What is being asked ▸ Beneath this line are entries. Copy the range from the line with "Dark Sonic - DrawingNow" to the line with "barbie video game hero", ends included, exactly; leave pictures out.

Materials provided ▸
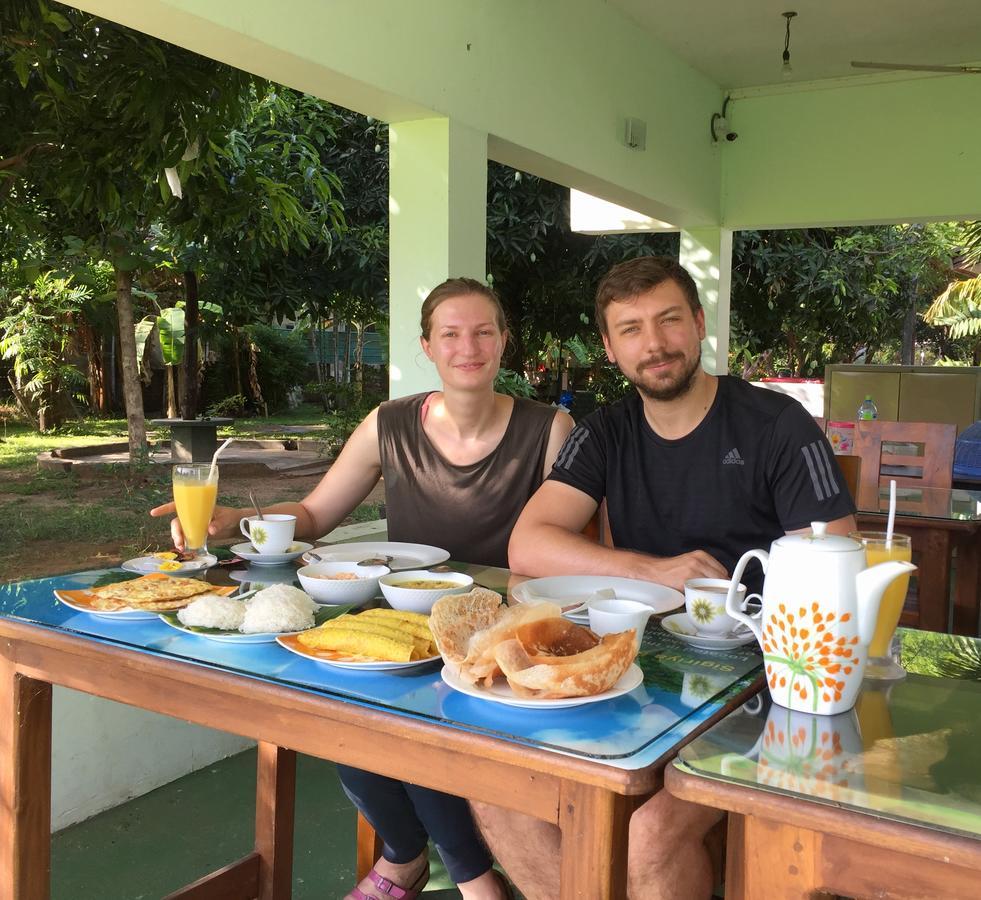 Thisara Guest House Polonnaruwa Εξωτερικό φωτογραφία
==
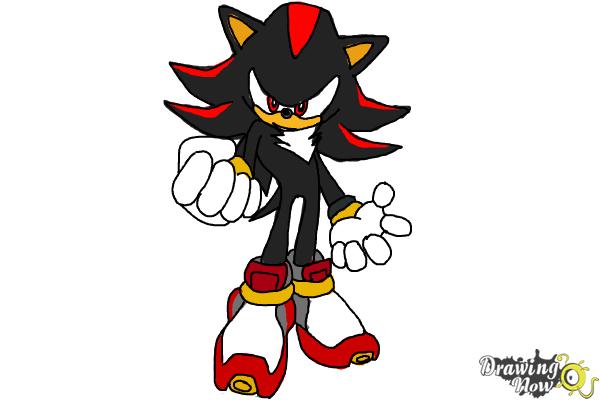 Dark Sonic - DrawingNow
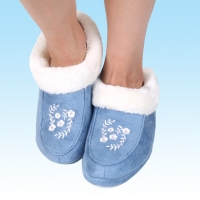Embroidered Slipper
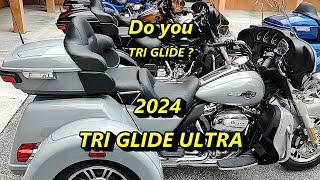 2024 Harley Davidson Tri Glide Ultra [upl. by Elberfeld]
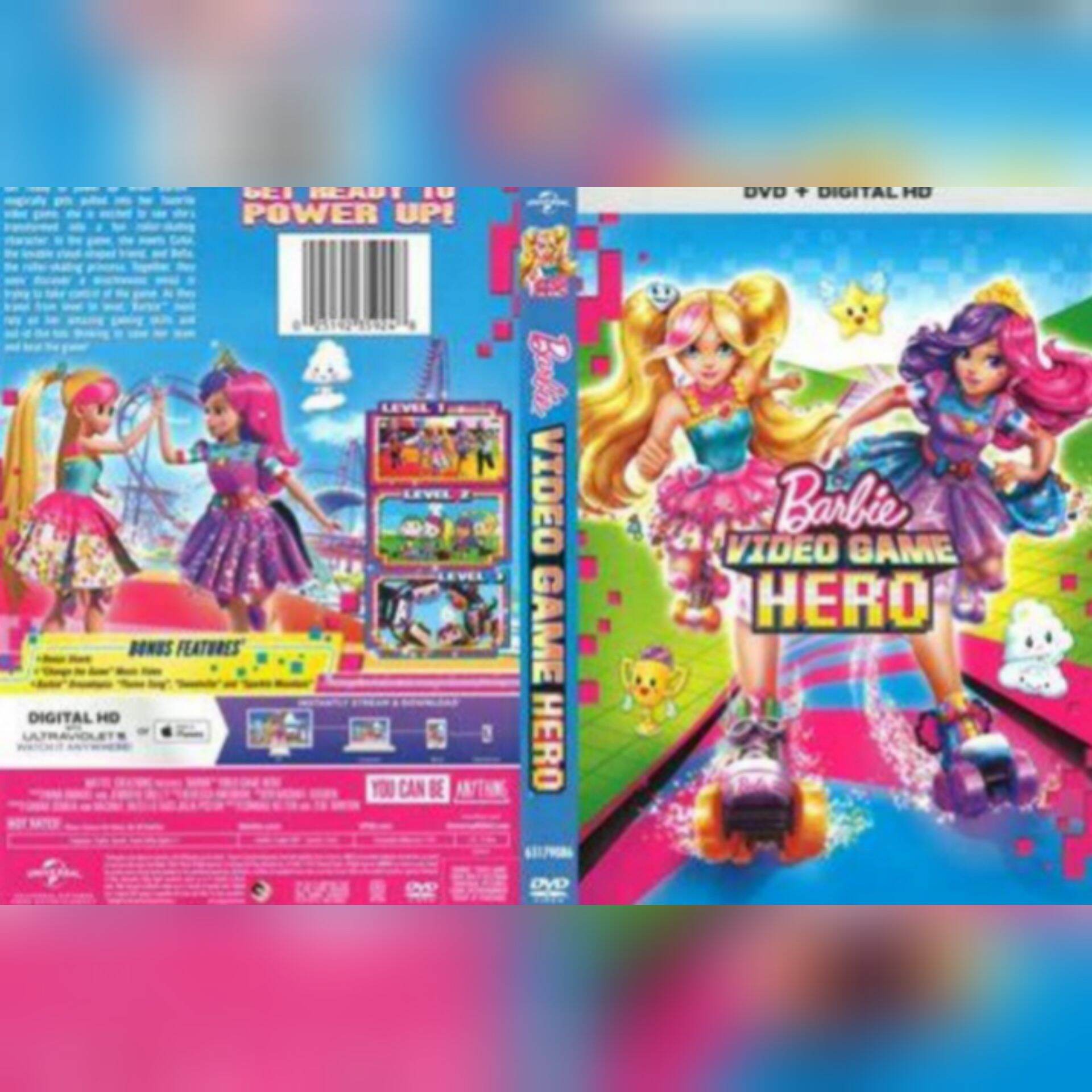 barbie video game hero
* * *
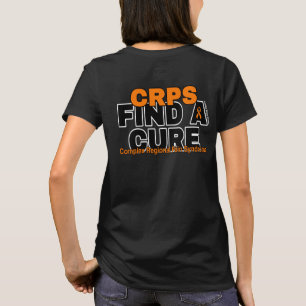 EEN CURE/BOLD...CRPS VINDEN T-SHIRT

Written reply ▸
 Dark Sonic - DrawingNow
Embroidered Slipper
 2024 Harley Davidson Tri Glide Ultra [upl. by Elberfeld]
 barbie video game hero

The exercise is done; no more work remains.